13.3 FUTURE TRAINING. GTECH may schedule a maximum of three (3)
students per quarter in VENDOR's regularly scheduled class, at VENDOR's
location, during the Term of this Agreement. If no regularly scheduled classes
are conducted, then GTECH may request VENDOR to conduct one (1) class per year
in which GTECH may schedule a maximum of six (6) students.
14. WARRANTIES
14.1 AGENCY/STANDARDS COMPLIANCE. VENDOR warrants and represents
that all Products delivered to GTECH under this Agreement will comply with
applicable standards as called out in the Product Specification.
14.2 AUTHORITY. VENDOR warrants that: (a) it has the right to enter
into this Agreement; (b) all necessary actions, corporate and otherwise, have
been taken to authorize the execution and delivery of this Agreement and the
same is the valid and binding obligation of VENDOR; (c) all licenses, consents
and approvals necessary to carry out all of the transactions contemplated in
this Agreement have been obtained by VENDOR; and (d) VENDOR'S performance of
this Agreement will not violate the terms of any license contract, note or other
obligation to which VENDOR is a party.
14.3 TITLE; INFRINGEMENT. VENDOR warrants that: (a) it has and
shall pass to GTECH good title to the Products free and clear of all liens and
encumbrances; (b) the Products do not infringe any patent, trademark or
copyright or otherwise violate the rights of any third party; (c) no claim or
action is pending or threatened against VENDOR or, to VENDOR's knowledge,
against any licenser or supplier of VENDOR that would adversely affect the right
of GTECH or any customer of GTECH to use the Products for their intended use.

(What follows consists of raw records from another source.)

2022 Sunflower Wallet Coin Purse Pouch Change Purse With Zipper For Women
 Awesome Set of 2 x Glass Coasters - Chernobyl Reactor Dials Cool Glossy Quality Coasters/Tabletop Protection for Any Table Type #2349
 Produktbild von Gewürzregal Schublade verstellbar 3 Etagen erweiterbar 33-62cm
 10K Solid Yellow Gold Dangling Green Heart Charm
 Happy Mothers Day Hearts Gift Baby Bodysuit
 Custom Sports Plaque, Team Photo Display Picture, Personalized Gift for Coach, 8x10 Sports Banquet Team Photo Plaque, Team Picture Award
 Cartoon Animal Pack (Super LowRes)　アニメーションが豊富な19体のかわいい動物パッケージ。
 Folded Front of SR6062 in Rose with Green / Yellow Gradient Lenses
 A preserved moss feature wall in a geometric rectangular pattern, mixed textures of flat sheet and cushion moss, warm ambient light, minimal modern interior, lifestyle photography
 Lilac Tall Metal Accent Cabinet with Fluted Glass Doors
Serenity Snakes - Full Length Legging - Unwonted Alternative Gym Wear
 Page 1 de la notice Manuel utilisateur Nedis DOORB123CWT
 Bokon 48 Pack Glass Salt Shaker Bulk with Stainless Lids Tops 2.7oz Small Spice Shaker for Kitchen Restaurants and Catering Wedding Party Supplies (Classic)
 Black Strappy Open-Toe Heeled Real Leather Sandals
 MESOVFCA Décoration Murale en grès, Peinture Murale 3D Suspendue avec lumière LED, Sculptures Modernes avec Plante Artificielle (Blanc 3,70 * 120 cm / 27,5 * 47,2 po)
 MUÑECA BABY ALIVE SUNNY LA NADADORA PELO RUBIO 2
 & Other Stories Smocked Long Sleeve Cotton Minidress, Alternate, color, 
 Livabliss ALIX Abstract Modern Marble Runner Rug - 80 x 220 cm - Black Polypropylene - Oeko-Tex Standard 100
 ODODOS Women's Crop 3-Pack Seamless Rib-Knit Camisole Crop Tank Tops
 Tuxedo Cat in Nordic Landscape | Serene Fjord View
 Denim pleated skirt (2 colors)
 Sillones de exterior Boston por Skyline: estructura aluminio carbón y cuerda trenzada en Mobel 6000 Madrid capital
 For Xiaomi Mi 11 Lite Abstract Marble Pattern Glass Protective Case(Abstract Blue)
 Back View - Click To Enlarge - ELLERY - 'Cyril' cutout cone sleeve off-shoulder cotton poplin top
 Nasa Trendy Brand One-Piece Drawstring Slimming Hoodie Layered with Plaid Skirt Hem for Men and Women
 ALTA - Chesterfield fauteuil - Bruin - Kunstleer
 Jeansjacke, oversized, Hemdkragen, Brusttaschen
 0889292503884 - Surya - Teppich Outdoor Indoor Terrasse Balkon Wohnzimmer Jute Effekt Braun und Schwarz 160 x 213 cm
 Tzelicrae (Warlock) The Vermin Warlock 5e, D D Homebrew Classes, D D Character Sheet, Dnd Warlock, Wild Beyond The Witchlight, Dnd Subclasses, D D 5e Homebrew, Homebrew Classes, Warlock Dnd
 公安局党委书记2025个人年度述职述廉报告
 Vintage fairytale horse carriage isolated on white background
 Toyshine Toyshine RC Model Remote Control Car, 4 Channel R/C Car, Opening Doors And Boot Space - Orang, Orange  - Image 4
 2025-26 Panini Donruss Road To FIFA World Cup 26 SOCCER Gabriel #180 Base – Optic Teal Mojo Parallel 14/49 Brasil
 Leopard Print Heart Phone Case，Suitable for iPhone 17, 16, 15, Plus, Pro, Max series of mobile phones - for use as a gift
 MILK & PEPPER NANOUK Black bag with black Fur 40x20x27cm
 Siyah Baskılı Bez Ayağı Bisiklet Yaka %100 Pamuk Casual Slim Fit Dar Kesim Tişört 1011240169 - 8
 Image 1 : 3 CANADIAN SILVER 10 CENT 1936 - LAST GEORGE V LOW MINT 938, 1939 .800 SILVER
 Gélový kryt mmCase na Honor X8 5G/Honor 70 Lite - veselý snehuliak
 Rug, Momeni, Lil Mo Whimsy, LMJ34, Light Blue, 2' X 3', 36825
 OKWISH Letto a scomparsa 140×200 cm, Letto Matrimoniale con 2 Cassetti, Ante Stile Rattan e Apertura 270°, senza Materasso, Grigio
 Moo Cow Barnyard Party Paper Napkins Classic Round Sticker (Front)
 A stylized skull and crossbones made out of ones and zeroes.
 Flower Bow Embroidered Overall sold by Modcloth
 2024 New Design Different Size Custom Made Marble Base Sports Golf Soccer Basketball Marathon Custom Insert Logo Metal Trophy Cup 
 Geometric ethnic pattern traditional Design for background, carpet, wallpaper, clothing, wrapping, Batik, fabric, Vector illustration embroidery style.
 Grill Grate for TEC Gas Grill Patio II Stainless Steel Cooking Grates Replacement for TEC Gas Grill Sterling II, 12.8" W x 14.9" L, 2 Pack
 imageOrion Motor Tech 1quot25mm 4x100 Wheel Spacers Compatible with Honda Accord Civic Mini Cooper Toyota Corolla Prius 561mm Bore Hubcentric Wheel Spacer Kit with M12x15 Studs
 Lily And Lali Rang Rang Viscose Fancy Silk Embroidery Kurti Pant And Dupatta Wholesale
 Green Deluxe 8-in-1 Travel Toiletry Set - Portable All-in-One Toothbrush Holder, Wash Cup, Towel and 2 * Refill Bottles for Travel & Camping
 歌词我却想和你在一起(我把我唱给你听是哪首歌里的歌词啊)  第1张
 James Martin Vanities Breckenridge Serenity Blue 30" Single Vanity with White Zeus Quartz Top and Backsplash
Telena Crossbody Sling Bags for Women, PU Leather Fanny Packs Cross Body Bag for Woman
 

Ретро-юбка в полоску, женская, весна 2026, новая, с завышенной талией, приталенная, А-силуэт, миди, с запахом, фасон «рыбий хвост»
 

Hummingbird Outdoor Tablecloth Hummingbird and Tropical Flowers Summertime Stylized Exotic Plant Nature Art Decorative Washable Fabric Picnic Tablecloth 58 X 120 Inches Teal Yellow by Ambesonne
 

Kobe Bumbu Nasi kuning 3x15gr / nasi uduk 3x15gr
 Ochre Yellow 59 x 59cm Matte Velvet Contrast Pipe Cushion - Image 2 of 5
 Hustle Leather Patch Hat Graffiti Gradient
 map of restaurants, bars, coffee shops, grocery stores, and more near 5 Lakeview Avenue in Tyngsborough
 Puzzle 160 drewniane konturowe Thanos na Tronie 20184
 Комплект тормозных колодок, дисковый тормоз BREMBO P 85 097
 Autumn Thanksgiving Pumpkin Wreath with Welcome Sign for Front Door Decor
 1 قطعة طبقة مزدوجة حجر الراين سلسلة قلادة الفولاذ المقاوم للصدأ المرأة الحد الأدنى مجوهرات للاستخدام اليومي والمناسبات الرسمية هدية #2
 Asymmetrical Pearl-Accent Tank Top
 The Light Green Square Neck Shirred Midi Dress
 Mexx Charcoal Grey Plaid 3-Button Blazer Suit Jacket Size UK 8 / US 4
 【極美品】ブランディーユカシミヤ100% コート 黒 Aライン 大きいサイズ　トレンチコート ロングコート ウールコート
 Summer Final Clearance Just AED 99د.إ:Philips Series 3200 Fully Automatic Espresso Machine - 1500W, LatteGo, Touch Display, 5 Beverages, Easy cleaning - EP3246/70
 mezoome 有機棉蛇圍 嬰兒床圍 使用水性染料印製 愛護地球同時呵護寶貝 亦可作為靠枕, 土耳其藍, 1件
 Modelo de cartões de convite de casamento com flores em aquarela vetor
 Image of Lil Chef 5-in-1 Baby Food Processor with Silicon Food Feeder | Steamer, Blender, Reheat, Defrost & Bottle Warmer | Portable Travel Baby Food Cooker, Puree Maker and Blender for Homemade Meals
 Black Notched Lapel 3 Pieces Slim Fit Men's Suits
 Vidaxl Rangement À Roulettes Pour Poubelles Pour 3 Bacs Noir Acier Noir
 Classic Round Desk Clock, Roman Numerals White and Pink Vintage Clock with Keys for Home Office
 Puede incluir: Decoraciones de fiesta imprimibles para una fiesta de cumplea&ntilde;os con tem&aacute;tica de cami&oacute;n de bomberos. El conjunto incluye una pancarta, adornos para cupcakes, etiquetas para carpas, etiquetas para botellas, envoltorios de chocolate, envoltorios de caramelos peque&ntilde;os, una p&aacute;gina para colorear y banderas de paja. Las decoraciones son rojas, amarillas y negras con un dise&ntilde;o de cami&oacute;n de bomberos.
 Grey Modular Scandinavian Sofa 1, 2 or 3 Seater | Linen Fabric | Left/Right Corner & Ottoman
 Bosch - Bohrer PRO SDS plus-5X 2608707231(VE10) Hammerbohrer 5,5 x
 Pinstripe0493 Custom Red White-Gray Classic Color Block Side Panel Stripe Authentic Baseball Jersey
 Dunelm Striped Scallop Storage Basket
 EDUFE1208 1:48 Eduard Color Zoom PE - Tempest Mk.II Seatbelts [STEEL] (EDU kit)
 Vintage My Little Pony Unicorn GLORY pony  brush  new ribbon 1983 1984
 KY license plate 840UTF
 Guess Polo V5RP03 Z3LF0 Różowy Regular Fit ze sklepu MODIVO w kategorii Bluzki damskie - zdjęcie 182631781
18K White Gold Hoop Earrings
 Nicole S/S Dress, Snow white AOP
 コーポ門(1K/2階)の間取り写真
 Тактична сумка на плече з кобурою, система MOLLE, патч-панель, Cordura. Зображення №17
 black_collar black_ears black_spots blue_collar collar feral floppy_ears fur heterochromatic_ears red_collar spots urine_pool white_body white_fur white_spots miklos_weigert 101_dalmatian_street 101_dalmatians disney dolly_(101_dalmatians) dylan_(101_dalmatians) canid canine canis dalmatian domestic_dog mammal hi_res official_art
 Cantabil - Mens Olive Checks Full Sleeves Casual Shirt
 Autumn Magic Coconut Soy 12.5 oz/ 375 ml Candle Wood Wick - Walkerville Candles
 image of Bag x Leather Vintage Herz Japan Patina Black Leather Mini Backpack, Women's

14.4 CONFORMANCE; DEFECTS. Unless otherwise specified in Attachment
1, VENDOR warrants that the Products will: (a) be new; (b) conform to the
Specification; (c) be free from defects in materials and workmanship for a
period of twenty-four (24) months from VENDOR's or distributor's invoice date.
Upon written notice from GTECH of a Product or part that fails to meet the
foregoing warranty, VENDOR will promptly repair or replace such Products in
accordance with the warranty set forth in Attachment 4 of this Agreement.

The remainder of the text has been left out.